**DATA SHOWN**
╭──

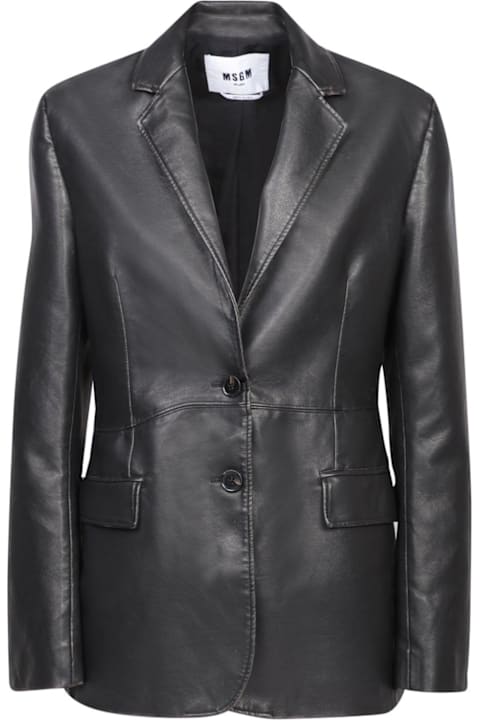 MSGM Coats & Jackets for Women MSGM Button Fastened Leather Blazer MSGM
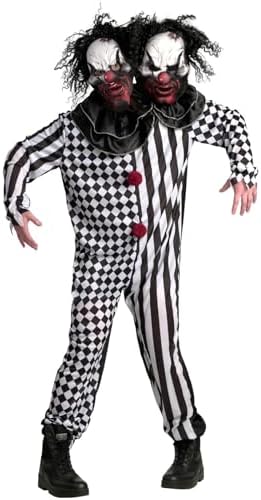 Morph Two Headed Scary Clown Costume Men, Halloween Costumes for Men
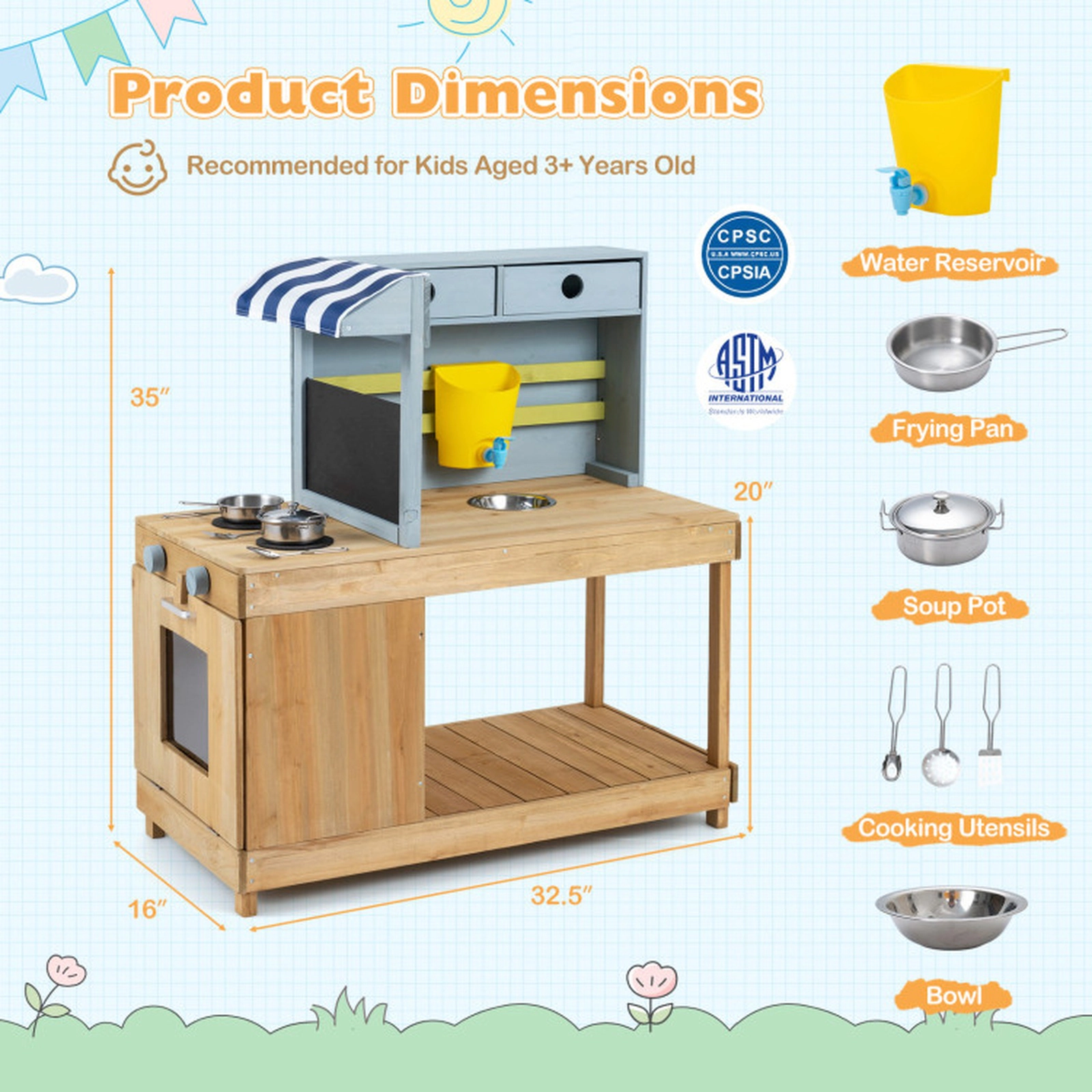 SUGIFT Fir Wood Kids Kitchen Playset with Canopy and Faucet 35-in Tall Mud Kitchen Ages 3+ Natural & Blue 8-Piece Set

╰──
╭──

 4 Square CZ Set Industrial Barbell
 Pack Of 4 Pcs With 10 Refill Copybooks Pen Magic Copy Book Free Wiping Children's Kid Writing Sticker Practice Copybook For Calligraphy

╰──
╭──

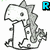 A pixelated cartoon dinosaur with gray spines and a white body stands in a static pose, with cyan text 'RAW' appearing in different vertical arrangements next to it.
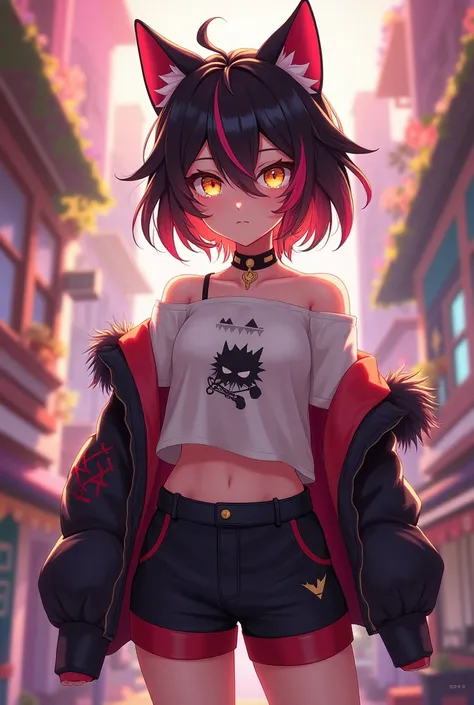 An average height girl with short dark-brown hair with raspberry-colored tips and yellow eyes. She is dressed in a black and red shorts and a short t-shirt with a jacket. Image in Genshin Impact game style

╰──

**INSTRUCTIONS TO FOLLOW**
Drop the pictures; return the lines above from the line containing "A pixelated cartoon" to the line containing "An average height", both included, exactly.

**RESPONSE**
 A pixelated cartoon dinosaur with gray spines and a white body stands in a static pose, with cyan text 'RAW' appearing in different vertical arrangements next to it.
 An average height girl with short dark-brown hair with raspberry-colored tips and yellow eyes. She is dressed in a black and red shorts and a short t-shirt with a jacket. Image in Genshin Impact game style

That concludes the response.